Selected for AAAI 2025! BSAFusion Can Realize Multi-modal Medical Image Alignment and Fusion. Two Major Domestic Universities Jointly Proposed

At the end of 2024, the 39th Annual AAAI Conference on Artificial Intelligence (AAAI 2025), the top international artificial intelligence conference, announced the results of the paper acceptance of this conference. In the end, out of the 12,957 submissions received, a total of 3,032 papers stood out and were included, with an acceptance rate of only 23.4%.
in,A research project jointly researched by Li Huafeng, Zhang Yafei, Su Dayong from the School of Information Engineering and Automation of Kunming University of Science and Technology and Cai Qing from the School of Computer Science and Technology of the Department of Information Science and Engineering of Ocean University of China——"BSAFusion: A Bidirectional Stepwise Feature Alignment Network for Unaligned Medical Image Fusion", attracted the attention of AI for Science researchers.This topic focuses on the field of medical image processing, which has been unprecedentedly hot in recent years, and proposes a bidirectional stepwise feature alignment (BSFA) unaligned medical image fusion method.
Compared with traditional methods, this study achieves simultaneous alignment and fusion of unaligned multimodal medical images in a unified processing framework through a single-stage approach.
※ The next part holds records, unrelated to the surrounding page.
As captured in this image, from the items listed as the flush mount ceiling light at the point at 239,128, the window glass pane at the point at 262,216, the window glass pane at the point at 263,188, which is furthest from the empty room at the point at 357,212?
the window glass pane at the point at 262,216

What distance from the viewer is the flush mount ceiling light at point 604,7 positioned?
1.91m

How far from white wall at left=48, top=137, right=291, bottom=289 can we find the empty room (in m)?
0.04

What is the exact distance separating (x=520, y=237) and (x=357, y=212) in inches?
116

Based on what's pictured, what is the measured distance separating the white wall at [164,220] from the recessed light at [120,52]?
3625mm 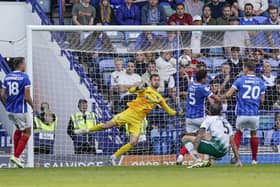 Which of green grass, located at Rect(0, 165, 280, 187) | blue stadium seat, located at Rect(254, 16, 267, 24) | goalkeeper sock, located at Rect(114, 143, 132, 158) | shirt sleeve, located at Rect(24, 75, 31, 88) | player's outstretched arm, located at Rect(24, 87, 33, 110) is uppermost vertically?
blue stadium seat, located at Rect(254, 16, 267, 24)

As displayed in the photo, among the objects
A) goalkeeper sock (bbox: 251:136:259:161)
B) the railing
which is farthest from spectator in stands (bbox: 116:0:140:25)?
goalkeeper sock (bbox: 251:136:259:161)

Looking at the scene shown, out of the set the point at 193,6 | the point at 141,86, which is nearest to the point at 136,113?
the point at 141,86

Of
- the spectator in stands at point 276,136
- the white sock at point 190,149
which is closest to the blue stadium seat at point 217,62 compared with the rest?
the spectator in stands at point 276,136

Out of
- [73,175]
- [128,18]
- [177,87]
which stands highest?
[128,18]

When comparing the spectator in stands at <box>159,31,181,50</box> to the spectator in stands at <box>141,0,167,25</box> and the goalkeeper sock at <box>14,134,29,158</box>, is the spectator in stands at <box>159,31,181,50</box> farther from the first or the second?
the goalkeeper sock at <box>14,134,29,158</box>

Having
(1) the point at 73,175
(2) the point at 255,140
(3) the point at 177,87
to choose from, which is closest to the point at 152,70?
(3) the point at 177,87

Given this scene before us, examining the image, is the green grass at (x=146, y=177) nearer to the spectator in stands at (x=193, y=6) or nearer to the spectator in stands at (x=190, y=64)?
the spectator in stands at (x=190, y=64)

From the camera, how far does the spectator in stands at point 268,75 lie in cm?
2056

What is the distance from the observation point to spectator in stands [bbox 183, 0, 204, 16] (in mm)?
23688

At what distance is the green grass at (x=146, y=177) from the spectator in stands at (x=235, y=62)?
3001mm

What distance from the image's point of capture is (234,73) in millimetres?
20734

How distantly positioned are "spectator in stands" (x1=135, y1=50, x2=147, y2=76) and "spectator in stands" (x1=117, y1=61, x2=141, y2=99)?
117 millimetres

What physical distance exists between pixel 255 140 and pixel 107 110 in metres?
3.24

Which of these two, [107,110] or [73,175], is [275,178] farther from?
[107,110] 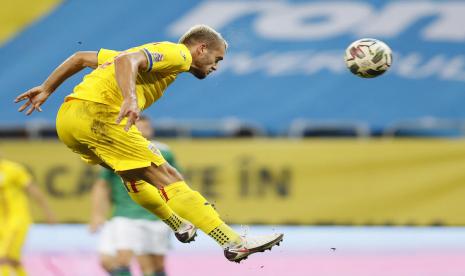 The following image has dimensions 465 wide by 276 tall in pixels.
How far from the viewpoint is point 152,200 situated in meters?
7.79

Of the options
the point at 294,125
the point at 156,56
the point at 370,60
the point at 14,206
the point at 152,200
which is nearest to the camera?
the point at 156,56

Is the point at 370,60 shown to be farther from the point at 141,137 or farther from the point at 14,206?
the point at 14,206

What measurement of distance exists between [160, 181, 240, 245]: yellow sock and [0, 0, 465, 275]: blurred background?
256 inches

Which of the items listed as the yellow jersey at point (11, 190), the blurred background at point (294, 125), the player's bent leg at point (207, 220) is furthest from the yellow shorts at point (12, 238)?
the player's bent leg at point (207, 220)

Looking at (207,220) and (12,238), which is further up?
(207,220)

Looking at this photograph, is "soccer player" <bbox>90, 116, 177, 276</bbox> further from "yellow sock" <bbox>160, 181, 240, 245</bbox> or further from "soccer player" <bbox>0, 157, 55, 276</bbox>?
"yellow sock" <bbox>160, 181, 240, 245</bbox>

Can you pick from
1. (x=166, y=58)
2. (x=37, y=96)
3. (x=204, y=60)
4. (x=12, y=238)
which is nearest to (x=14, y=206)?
(x=12, y=238)

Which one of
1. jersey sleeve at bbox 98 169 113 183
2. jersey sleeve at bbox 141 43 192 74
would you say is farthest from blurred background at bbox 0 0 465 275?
jersey sleeve at bbox 141 43 192 74

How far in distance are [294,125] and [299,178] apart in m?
0.74

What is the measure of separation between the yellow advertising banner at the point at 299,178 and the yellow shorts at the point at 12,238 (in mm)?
3115

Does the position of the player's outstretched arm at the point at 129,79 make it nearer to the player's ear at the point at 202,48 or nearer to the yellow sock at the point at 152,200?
the player's ear at the point at 202,48

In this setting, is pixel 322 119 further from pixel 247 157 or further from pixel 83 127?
pixel 83 127

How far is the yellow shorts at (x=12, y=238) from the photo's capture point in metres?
11.0

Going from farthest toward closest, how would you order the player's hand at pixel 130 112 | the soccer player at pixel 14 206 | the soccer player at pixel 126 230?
the soccer player at pixel 14 206 → the soccer player at pixel 126 230 → the player's hand at pixel 130 112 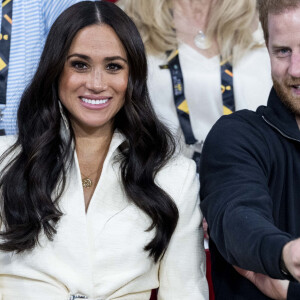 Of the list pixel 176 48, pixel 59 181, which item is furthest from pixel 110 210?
pixel 176 48

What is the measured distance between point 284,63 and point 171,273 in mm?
641

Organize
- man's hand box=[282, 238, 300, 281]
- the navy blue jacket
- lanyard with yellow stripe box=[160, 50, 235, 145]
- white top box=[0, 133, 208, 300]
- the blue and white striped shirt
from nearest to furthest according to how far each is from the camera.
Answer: man's hand box=[282, 238, 300, 281]
the navy blue jacket
white top box=[0, 133, 208, 300]
the blue and white striped shirt
lanyard with yellow stripe box=[160, 50, 235, 145]

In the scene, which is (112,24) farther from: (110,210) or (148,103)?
(110,210)

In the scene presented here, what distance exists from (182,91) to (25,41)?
25.2 inches

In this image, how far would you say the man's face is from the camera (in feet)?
6.42

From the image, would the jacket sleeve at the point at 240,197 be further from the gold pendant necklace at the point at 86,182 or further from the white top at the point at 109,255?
the gold pendant necklace at the point at 86,182

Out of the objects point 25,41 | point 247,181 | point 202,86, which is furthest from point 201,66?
point 247,181

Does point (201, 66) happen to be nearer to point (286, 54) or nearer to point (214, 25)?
point (214, 25)

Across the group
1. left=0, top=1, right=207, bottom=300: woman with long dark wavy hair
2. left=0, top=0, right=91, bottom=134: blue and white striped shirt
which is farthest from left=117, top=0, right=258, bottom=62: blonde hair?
left=0, top=1, right=207, bottom=300: woman with long dark wavy hair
It not only achieves the coordination of dual tasks, but also effectively reduces the problem of model complexity caused by the introduction of multiple independent feature encoders.
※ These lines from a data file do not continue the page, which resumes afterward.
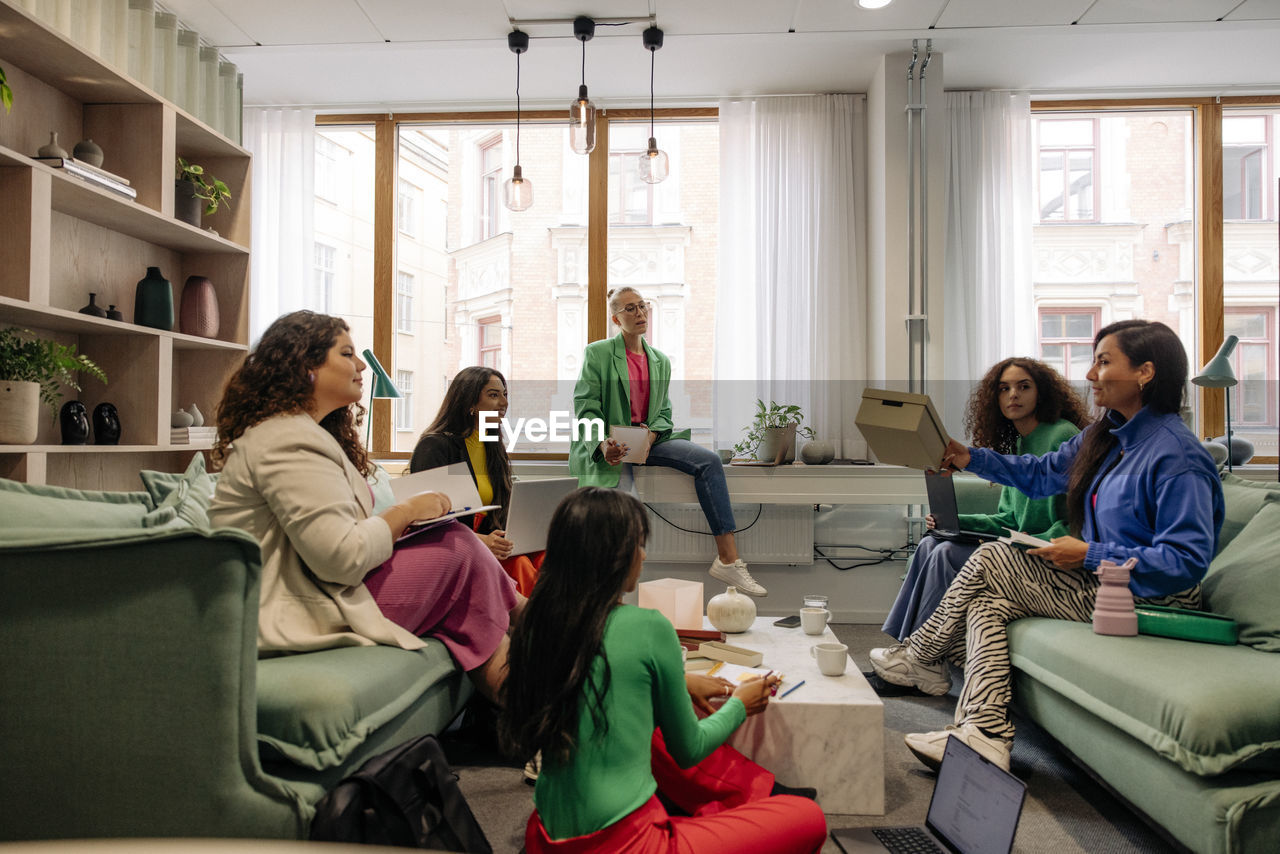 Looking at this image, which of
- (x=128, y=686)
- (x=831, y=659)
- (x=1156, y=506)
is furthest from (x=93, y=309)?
(x=1156, y=506)

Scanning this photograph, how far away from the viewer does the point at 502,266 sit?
14.7 ft

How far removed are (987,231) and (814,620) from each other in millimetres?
2668

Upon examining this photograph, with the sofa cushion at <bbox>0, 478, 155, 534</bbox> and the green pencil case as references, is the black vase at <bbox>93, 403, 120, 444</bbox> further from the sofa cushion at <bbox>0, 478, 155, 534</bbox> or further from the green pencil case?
the green pencil case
Follow the official account and reply "Multimodal Medical Images" to get the complete PDF
The open source project "awesome-ai4s" brings together more than 100 AI4S paper interpretations and provides massive data sets and tools:
https://github.com/hyperai/awesome-ai4s
Medical Focus——Multimodal Medical Image Fusion
The so-called multimodal medical image fusion (MMIF)It is to fuse medical image data from different imaging methods, such as CT, MRI, PET, etc., to generate new images containing more comprehensive and accurate lesion information. The value of research in this direction in modern medicine and clinical applications is extremely important.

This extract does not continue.